Amazon founder Jeff Bezos during the JFK Space Summit at the John F. Kennedy Presidential
AP Photo/Charles Krupa

E-commerce giant Amazon is reportedly set to announce a new business line selling the technology behind its cashier-less Amazon Go convenience stores to other retailers.

Reuters reports that e-commerce giant Amazon has plans to announce a new business line that will sell the company’s cashier-less technology powering its Amazon Go convenience stores to other retailers. Amazon has reportedly signed “several” deals with customers that it would not name, according to Reuters.

Amazon will reportedly launch a new website on Monday that will invite others to inquire about the service, which is reportedly being dubbed “Just Walk Out” technology by Amazon. Reuters states that this is another example of Amazon building out its internal capabilities, such as are warehouses to help with package delivery and cloud technology to support its website and offering them to other businesses.

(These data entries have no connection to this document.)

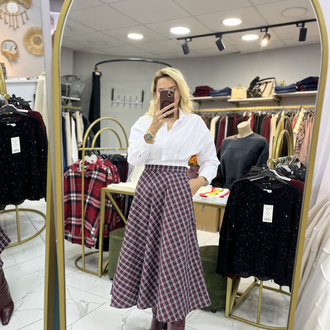 Bordo Ekose Maxi Etek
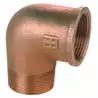 Raccord coudé 90 degrés bronze 1"1/2 Male Femelle 40/40 mm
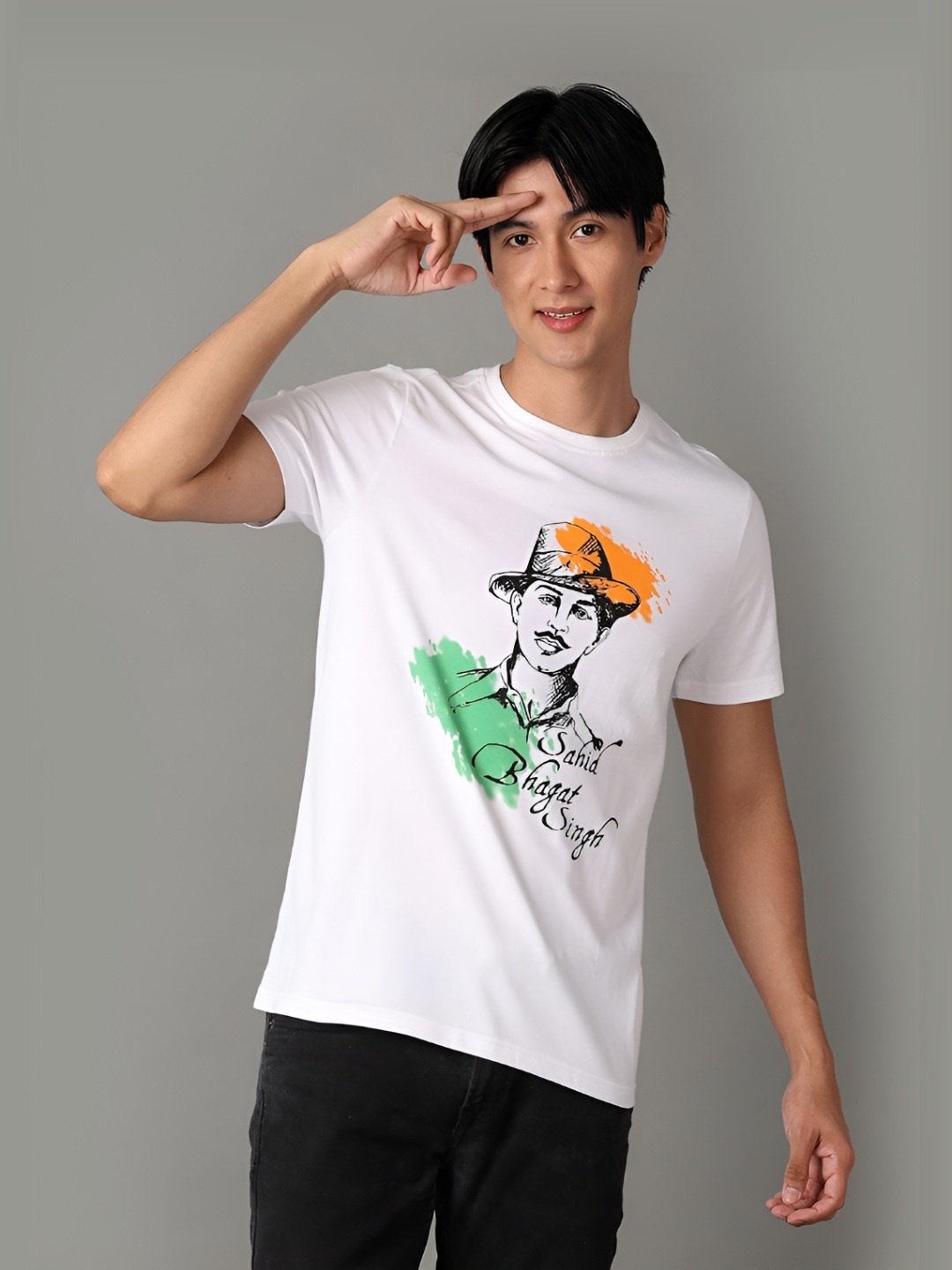 

V-Mart Men Graphic Printed Round Neck Cotton T-Shirt, White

The Amazon Go retail stores introduced convenience stores without checkout lines to the wider public and has shown many the benefit of cashier-less stores. Venture firm Loup Ventures has estimated that the market for retail stores without cashiers could grow up to $50 billion. Amazon’s vice president of physical retail and technology, Dilip Kumar, has stated that shoppers’ preferences will determine how big the business becomes.

“Do customers like standing in lines?” he asked. “This has pretty broad applicability across store sizes, across industries, because it fundamentally tackles a problem of how do you get convenience in physical locations, especially when people are hard-pressed for time.”

With Amazon’s new Just Walk Out technology, customers will insert a credit card into a gated turnstile when entering a store rather than scan an app, any items the customer then picks up will be charged to their card. When asked about the services’ business model or pricing, Kumar refused to comment saying “a lot of those are bespoke deals.”